Resumiendo: ese tipo de programas promociona, como el que no quiere la cosa, el éxito fácil; la adoración por el dinero, dinero, dinero; la idolatración de lo frívolo; que las mujeres sean unas buenas putas, y los hombres puteros. Pero, claro, no todo el mundo puede triunfar, así que confórmate con tu vida miserable y, si te toca estar abajo, hazte seguidor de uno de los famosos. Es, en cierta medida, una reproducción en papel maché de la estrategia del síndrome de Estocolmo que usan las dictaduras: no sabes bien por qué, pero el líder es fantástico, tu secuestrador tiene razón, el pobrecillo.

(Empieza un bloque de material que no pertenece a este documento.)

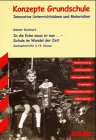 In die Ecke muss er nun . . .- Schule im Wandel der Zeit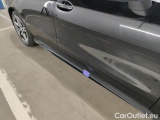  Mercedes  CLA-Klasse CLA CLA 200 d DCT Business Solution Limited 110kW/150pk  4D/P Auto-8 #47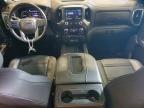 2020 GMC Sierra K3500 Denali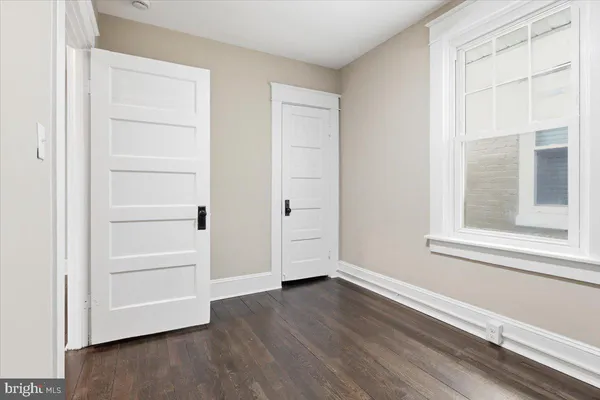 $449,000 | 628 Trail Avenue, Frederick, MD 21701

Y ese chillido, ese chillido similar al de una pataleta de un niño cuando quiere con desesperación una chuchería, solo que trasladado a un adulto que quiere como un drogadicto más y más fama, más y más éxito, más y más dinero.
Ahora quizá debería decir aquí la fórmula para conseguir que ese tipo de programas desaparezcan. Sería el momento oportuno para aconsejar que cambiéis de canal, o que apaguéis el televisor.
Pero no pienso hacerlo.
Eso sí, las cosas no cambian por sí solas. Por sí solas, las cosas degeneran.